Si les adeptes de l’islamisme terroriste (suppôts et victimes à la fois du Pervers) ne méritent pas notre haine, a fortiori leurs frères musulmans plus pacifiques, qui suivent pourtant plus ou moins le même Coran avec son jihâd condamnable. Selon un certain principe de réalité développé notamment dans le dernier livre de Pierre Manent (Situation de la France, DDB, 174 p., 15,90 €), leur nombre et leur présence en France impliquent de cohabiter et même de vivre avec eux sous un bien commun relatif (évoquant par exemple l’Algérie française ou le Liban chrétien). À certaines conditions qu’ont paradoxalement dictées à leur façon les « nationalistes » corses pour leur île : à savoir qu’ils se démarquent très explicitement et pratiquement de leurs « coreligionnaires » terroristes.
Savoir discerner
Autrement dit, s’il convient de « terroriser les terroristes », on ne peut « violenter » ensemble et simultanément tous les musulmans dans un manichéisme grégaire, en en faisant des boucs émissaires de la folie meurtrière de leurs « hashashins », au risque d’une terrible guerre civile à outrance. Quand on a encore la force de pouvoir l’exercer (avant la faiblesse terrible de la soumission), la légitime défense est un art du discernement qui implique à la fois de porter les bons coups et de préserver la paix autant qu’on le peut avec les amis ou ennemis potentiels (hôte et hostile n’ont-ils pas la même racine ?). Aux côtés des derniers remparts nécessaires de nos citadelles assiégées (voire déjà quelque peu envahies), il faut en effet jeter aussi des ponts et dresser des hôpitaux mobiles de campagne. Aux côtés des guerres défensives inévitables, il faut la diplomatie. Sans oublier le combat spirituel pour la vérité, qui est fait aussi d’apologétique et d’évangélisation, de disputes et de dialogues interreligieux, comme l’a si bien mené Benoît XVI à Ratisbonne, dans un « discours prophétique », selon le cardinal Tauranson lors de son intervention devant les évêques français réunis à Lourdes le 8 novembre dernier.

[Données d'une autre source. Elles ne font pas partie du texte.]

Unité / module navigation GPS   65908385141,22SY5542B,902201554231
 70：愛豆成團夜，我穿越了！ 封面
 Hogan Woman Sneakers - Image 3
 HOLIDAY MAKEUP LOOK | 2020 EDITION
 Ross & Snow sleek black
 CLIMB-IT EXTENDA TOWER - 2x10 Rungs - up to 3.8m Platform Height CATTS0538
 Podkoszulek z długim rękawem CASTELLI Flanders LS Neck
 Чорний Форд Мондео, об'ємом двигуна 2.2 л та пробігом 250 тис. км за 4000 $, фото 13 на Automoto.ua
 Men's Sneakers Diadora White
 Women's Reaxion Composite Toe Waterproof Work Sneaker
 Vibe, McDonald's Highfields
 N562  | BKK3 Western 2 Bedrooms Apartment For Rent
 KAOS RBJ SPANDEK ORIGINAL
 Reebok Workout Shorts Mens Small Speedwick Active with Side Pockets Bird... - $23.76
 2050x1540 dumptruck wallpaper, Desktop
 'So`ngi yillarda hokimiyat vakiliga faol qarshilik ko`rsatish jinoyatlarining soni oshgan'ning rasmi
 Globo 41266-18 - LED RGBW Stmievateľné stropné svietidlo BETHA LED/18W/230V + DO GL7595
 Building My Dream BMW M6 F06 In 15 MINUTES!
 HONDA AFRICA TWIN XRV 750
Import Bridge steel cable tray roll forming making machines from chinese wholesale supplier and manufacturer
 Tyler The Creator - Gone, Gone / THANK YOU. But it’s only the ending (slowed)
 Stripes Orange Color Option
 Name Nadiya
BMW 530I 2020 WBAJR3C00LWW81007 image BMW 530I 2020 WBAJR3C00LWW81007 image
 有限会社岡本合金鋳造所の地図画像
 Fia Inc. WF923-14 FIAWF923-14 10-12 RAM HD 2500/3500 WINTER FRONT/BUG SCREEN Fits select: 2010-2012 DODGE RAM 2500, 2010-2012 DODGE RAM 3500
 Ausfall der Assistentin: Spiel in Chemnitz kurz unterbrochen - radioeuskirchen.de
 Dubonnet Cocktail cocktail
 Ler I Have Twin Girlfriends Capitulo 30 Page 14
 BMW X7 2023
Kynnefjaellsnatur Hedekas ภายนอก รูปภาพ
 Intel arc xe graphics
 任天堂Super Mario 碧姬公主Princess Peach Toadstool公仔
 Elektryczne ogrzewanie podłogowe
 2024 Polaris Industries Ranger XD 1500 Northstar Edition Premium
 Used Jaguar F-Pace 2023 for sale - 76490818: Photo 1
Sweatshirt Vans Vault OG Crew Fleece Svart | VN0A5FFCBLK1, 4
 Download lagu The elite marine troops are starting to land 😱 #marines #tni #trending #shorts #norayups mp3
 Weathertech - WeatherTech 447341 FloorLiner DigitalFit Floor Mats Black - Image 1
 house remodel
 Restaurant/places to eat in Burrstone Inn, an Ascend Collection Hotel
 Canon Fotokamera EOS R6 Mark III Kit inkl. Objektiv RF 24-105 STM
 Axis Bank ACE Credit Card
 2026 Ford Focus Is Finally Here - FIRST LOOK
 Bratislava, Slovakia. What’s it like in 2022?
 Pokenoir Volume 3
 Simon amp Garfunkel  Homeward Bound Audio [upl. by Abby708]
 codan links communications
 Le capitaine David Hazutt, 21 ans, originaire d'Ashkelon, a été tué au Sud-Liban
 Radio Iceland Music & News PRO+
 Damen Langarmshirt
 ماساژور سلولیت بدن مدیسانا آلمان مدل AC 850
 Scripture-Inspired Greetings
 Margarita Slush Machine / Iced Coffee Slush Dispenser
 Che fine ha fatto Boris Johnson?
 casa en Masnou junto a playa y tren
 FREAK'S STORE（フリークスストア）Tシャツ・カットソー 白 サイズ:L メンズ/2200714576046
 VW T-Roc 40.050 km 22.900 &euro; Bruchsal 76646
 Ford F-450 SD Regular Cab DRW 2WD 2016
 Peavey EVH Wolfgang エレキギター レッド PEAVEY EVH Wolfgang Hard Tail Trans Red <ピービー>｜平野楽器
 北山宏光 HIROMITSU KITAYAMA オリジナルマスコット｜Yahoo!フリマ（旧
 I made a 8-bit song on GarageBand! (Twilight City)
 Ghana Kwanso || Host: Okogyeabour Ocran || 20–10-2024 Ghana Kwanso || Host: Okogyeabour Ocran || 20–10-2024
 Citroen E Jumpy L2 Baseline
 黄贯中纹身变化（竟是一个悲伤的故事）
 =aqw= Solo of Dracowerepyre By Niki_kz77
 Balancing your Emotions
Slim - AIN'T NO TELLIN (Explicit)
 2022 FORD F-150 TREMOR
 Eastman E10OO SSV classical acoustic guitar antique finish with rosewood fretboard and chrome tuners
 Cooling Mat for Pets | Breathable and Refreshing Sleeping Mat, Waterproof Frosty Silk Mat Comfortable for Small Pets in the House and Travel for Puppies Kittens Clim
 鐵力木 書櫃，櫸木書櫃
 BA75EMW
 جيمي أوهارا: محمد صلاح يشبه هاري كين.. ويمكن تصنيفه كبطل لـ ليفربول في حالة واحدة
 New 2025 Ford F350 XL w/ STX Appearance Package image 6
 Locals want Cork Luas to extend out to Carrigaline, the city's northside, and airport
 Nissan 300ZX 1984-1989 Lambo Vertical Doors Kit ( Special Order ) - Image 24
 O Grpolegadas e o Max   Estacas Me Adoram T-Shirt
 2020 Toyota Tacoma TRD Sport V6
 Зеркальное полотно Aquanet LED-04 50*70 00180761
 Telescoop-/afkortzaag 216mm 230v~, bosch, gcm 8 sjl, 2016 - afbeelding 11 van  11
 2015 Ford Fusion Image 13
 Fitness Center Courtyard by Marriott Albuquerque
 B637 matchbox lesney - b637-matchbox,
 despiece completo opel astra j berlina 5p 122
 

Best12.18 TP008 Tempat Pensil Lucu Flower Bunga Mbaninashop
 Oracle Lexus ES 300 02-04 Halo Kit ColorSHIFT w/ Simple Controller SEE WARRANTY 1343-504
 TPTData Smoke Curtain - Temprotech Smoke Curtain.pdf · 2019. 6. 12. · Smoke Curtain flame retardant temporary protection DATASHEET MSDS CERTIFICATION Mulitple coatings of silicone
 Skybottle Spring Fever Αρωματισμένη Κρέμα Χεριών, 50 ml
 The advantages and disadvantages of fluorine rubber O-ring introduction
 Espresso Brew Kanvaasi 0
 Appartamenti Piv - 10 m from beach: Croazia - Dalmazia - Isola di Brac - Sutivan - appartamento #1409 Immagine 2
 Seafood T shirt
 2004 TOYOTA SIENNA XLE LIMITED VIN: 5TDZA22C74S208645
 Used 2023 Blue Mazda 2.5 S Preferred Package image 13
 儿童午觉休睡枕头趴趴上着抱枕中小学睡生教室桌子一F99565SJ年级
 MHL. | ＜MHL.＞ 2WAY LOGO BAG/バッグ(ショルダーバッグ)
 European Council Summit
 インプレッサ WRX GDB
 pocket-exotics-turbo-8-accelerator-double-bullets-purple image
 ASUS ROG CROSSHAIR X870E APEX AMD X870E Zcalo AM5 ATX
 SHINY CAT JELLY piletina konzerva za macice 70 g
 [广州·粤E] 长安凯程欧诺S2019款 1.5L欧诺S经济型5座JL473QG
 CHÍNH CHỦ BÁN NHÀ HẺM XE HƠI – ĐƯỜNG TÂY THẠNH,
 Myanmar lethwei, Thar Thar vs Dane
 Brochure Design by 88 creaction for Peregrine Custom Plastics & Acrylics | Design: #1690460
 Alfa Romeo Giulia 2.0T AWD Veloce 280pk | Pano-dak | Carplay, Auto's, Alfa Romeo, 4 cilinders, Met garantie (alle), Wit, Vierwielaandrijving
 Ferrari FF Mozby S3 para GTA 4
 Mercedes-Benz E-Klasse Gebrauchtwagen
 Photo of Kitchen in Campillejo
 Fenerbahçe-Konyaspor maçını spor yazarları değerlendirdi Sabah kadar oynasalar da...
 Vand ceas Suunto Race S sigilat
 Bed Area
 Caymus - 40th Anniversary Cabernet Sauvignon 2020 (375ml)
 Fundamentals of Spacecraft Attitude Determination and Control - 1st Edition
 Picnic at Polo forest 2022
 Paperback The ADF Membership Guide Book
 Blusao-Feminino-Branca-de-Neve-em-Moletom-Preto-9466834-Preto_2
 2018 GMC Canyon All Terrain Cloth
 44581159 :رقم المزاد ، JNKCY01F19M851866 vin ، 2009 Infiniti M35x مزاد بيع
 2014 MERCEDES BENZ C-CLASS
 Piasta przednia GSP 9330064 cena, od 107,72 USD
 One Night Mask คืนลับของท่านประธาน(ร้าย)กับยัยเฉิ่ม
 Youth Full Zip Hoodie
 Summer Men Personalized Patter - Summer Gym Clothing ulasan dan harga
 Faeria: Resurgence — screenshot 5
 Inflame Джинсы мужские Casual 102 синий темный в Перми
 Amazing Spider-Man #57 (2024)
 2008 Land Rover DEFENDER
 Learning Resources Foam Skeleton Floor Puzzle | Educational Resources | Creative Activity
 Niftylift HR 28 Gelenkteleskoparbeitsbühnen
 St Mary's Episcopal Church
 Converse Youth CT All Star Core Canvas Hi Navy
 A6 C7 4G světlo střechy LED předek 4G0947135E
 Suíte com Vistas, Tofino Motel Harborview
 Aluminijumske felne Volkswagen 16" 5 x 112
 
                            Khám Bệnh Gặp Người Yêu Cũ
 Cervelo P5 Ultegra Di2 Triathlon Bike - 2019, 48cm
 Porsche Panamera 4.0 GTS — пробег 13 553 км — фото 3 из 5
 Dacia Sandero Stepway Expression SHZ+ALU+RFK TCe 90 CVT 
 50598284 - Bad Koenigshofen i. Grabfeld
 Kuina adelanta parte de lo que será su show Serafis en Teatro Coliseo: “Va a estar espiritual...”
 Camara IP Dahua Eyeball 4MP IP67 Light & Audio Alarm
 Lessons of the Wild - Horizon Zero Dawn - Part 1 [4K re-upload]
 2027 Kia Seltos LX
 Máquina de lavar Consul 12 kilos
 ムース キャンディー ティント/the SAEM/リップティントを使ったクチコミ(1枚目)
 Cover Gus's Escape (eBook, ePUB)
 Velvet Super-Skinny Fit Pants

En conclusion, s’il faut les unir, il ne faut pas confondre la morale surnaturelle avec la politique temporelle. S’il faut moralement aimer son ennemi, on doit le combattre politiquement avec discernement sans cesser de l’aimer. Si l’on doit intellectuellement et religieusement dénoncer le Coran comme une œuvre dangereuse et malfaisante qui inspire diaboliquement un ennemi qu’on ne hait pas, on ne peut évidemment combattre politiquement tous les musulmans comme des ennemis à abattre. C’est aussi la leçon de Joseph Fadelle dans Le prix à payer (Pocket, 254 p., 6,95 €).